Oh, we had it laminated too! Why? For extra reference to it’s importance maybe? To prevent the ink running from any bodily fluids leaking on it during the event? I don’t remember…
I am not criticising birth plans per se. I am criticising MY birth plan and was horrified when I found it amongst a load of bills and scraps of paper and started reading it. My jaw dropped. We joined the NCT for ante natal lessons and birth plans were one of the subjects they covered. The NCT classes were good for some things (I did disagree on a lot of it – especially the breastfeeding mafia part but that is by the by) and talking through different birthing options is essential. You need to discuss all options and be aware of everything. But that to me, is pretty much the opposite of a birth plan. It is narrowing your mind, and, in my case with me tie-ing my knees together, the birth canal and baby exit. Birth plans are about going in to the birth feeling like you have a morsal of control over the whole thing, and whilst that is a good part of the birth plan I think it is an exercise essentially just for that. “My body my choice” yes. But, sometimes, when your body doesn’t understand or “get” your preferred choices, I think you need to give a big fat high fives to the medical professionals.

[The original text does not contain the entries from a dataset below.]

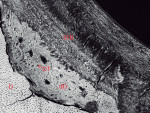 Fig 8. Electron microscopy of a histologic section of EP No. 2. The dentin surface (D) facing a dysplastic dentin (dD) shows evidence of clastic activity, indicating that this furrow was formed by cellular-based removal of the mineralized matrix. The secondary matrix that has filled in this furrow appears to be dysplastic dentin, containing some odontoblast tubules (OT). Overlying this secondary tissue is SFB with layers of various fiber directions. It is apparent that the dysplastic dentin is well integrated into the SFB. Field width = 400 μm.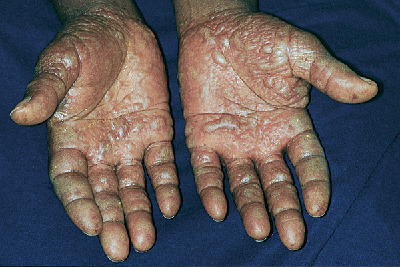 Pompholyx, dermatitis vesiculobullosa o dishidrosis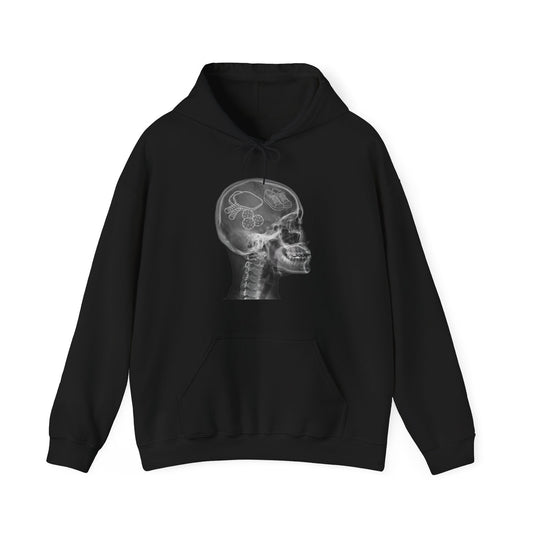 X-RAY PICKLEBALL - Pickleball (Hoodie)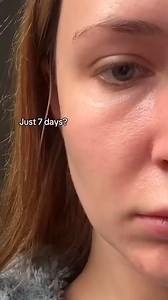 580K views · 985 reactions | ️ Key Features of Seoul 1988 Eye Cream...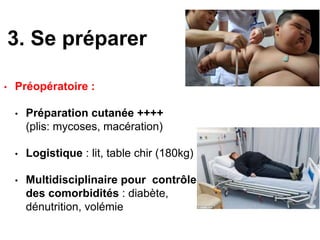 3. Se préparer
• Préopératoire :
• Préparation cutanée ++++
(plis: mycoses, macération)
• Logistique : lit, table chir (180kg)
• Multidisciplinaire pour contrôle
des comorbidités : diabète,
dénutrition, volémie
 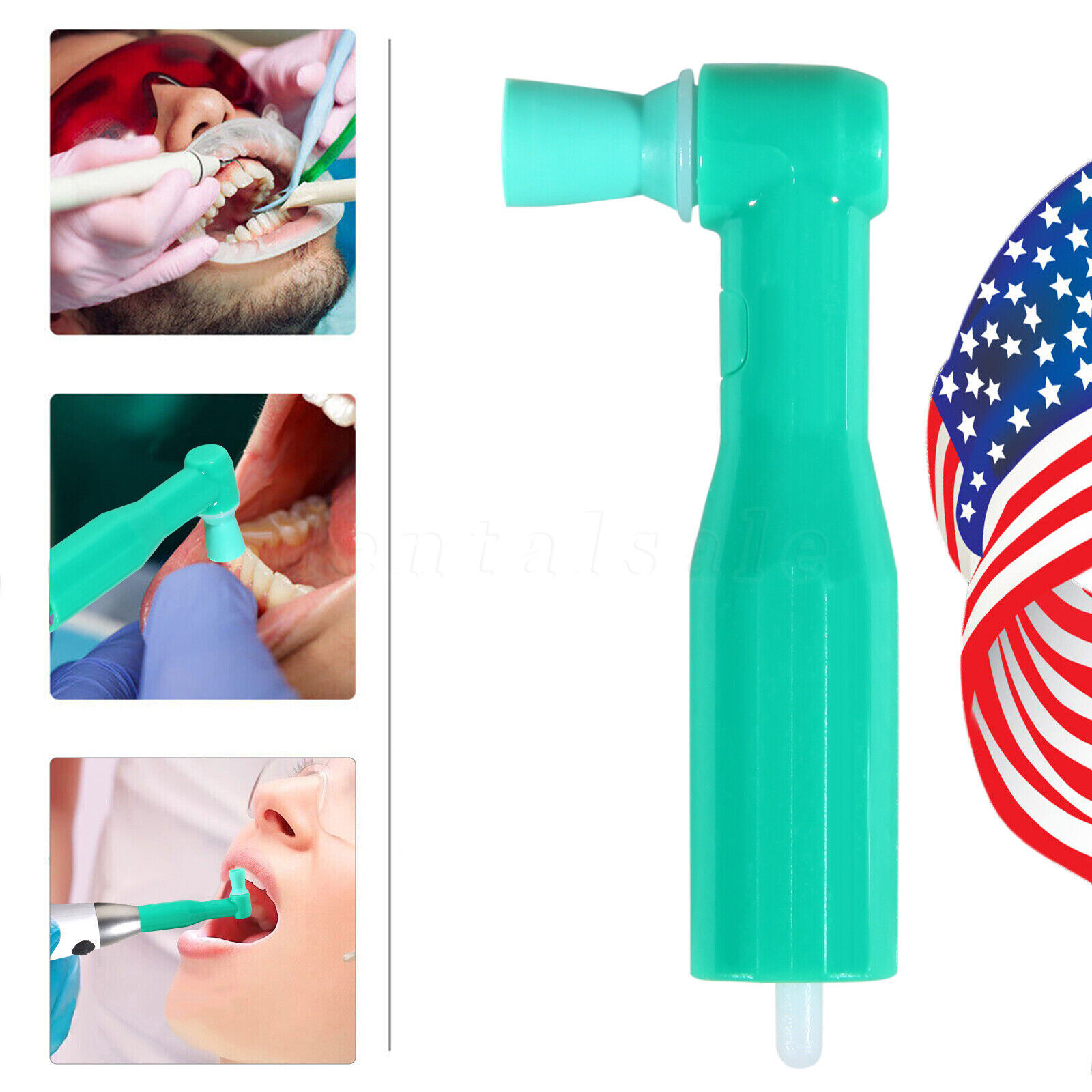 100pcs Dental Angel 90° Disposable Prophy Cup Angles Soft Latex Free Cups Green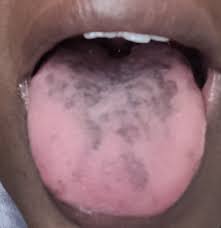 Image result for brown tongue symptoms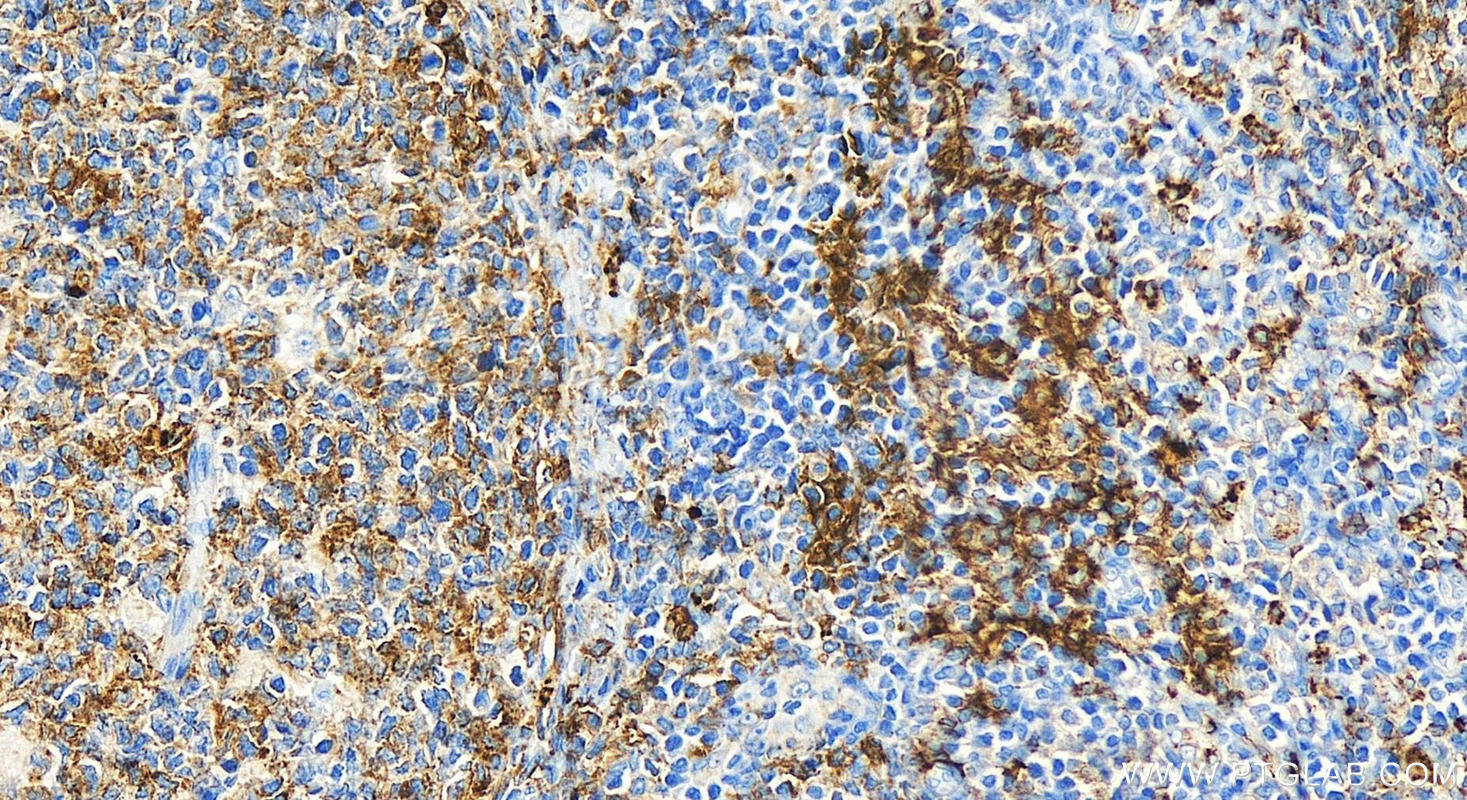 Immunohistochemistry (IHC) staining of human tonsillitis tissue using HLA-DQB1 Polyclonal antibody (32281-1-AP)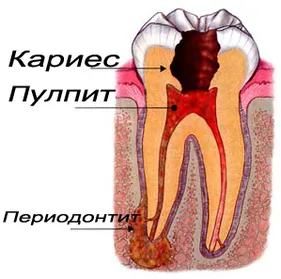 Илюстрация към лечението на периодонтит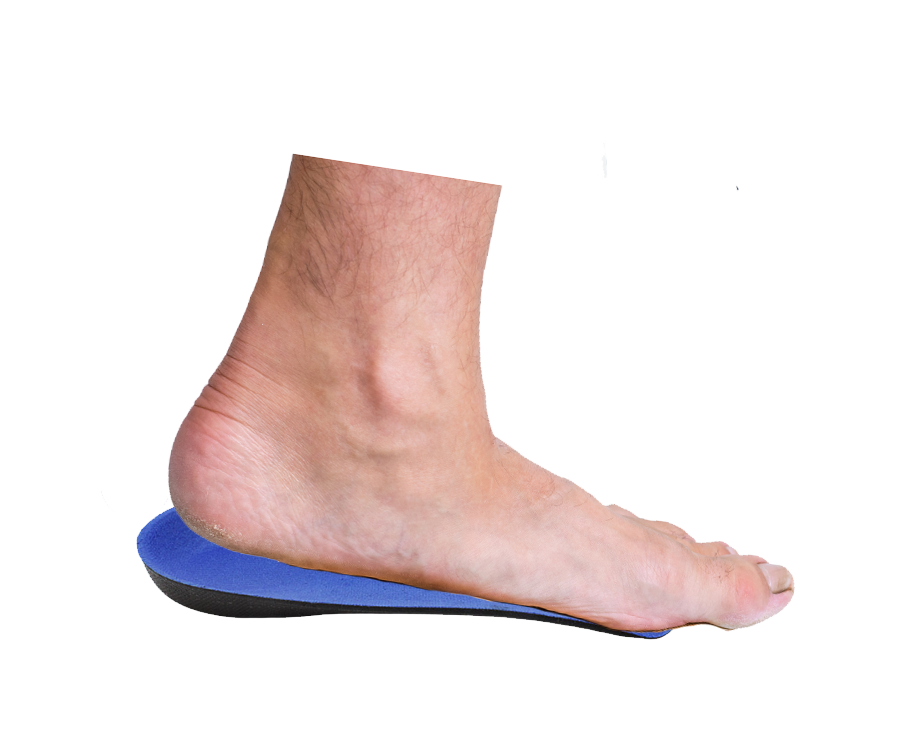 Arch Steppers — view 2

So, my birth plan? It didnt work out. Any of it. My laminated plan was not effective (shocker) – the best laid birth plans of mice and women. I was induced (this was not even possibly thought about when I was writing my plan and came out of nowhere!), Ed was a massive baby (9lb 8.5oz), with the neck muscles of a rugby player. There was no way he was going to be born naturally, said my midwife later on when I was home. Nice. Perhas they could have mentioned that before? I could have ammended the plan a bit.
My birth plan for Alex was much easier. I scribbled on a post-it “C-section” and stuck it on my forehead as they wheeled me in to theatre.